Instructor Derek LeBlanc, of the Kids S.A.F.E. (Safety Around Firearms Education) Foundation, talks with students at a class at Jefferson Elementary School on Sunday.

As a certified firearms instructor, Derek LeBlanc was glad to teach people to handle weapons. But the knowledge that children might have access to them began to nag at him.

The Eugene man knew there were children's firearm safety programs, but to him, they seemed dated. So he created his own: Kids Safety Around Firearms Education, or Kids S.A.F.E. for short. 

The nonprofit 501(c)(3) organization is wrapping up its first year, and LeBlanc is taking his message on the road.

On Sunday, he was at Jefferson Elementary School to give his safety reminders to a group of 23 children and adults. At 6 p.m. May 22, he plans to repeat the presentation at Albany Christian School. Interested organizations can contact him via his website at https://kidssafefoundation.org/ or his cellphone, 541-731-7200.

LeBlanc draws some of his material from programs like "Eddie Eagle," the National Rifle Association's safety program.

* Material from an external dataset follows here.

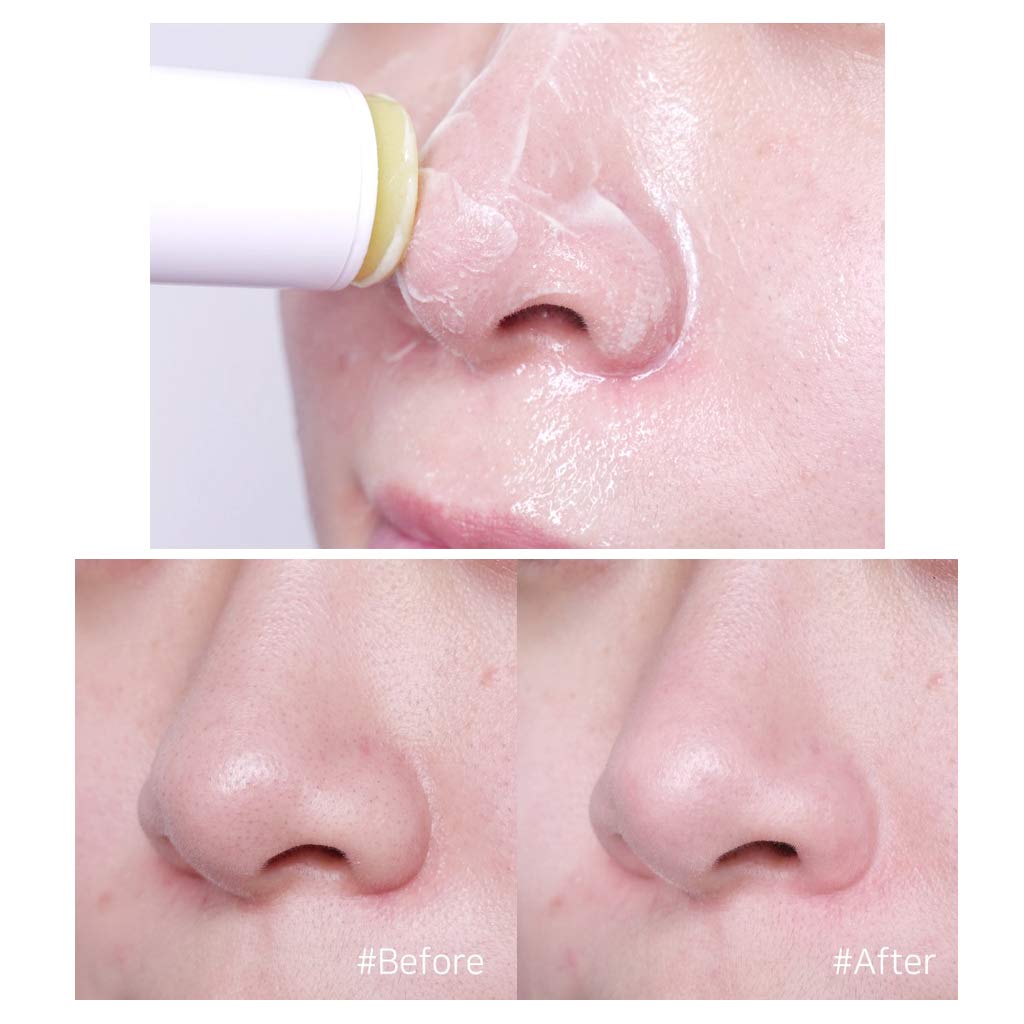 THESAEM Calamansi Pore Stick Cleanser 15g - Skin Clearing Pore Deep Cleansing Stick. Removes Blackheads and Sebum, Exfoliating Dead Skin Cells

Like Eddie, he reminds children of the four things they need to do if they see a gun: Stop. Don't touch. Run away. Tell a grownup.

On Sunday in Jefferson, he took that message another step by reminding his audience it isn't always easy to tell what a real gun looks like. Some real guns can look like pellet guns, paintball guns or even plain old plastic toys, but the bullets they shoot are real — and unlike a video game, there's no "reset" button on reality.

Demi Rodriguez, 9, said he was surprised to see LeBlanc's pictures of real handguns painted purple, or bright pink and sky blue.

Demi came, he said, "to learn more things I didn't know about guns before. Like, they come in different colors, and sometimes they look fake, but they're actually real." 

Some of the younger people in the audience Sunday admitted they enjoyed Nerf gun wars with one another. LeBlanc said he understood, but that he would pass out targets at the end of the presentation, and he urged the children to use them instead. 

"I don't want kids to get in the habit of pointing a gun at another person, even if it's fake," he told the group, adding: "I know I'm taking all the fun out of Airsoft and Nerf guns. I'm sorry! I'm trying to save lives." 

Gun safes, trigger locks and lock boxes all are good tools, LeBlanc told the adults present, but children should still know the basic rule: Don't touch.

"Guns are everywhere in our society, so we want kids to learn what not to do," he said.

Kids S.A.F.E. sells its own T-shirts, putting the proceeds back toward the foundation. In white letters on a black background, they read "#boogerpicker." 

"That's my number-one safety," LeBlanc explained, holding up his index finger, pointed straight at the ceiling. "As long as I keep that finger straight, I can pick my nose, but I can't fire my gun."

Ashley Trefethen of Jefferson bought a T-shirt. She brought three children to Sunday's presentation and said she hoped her youngest, 5, would wear it.

"He thinks guns are awesome," she said, shaking her head. "I want him to be a little safer and realize they're not a toy."

Heather Decker picked up targets for her children to use at home with BB and pellet guns. She said she brought them to the presentation to help reinforce safety rules.

"As a parent, you know they might not always listen to you, but they might listen to somebody else," she said.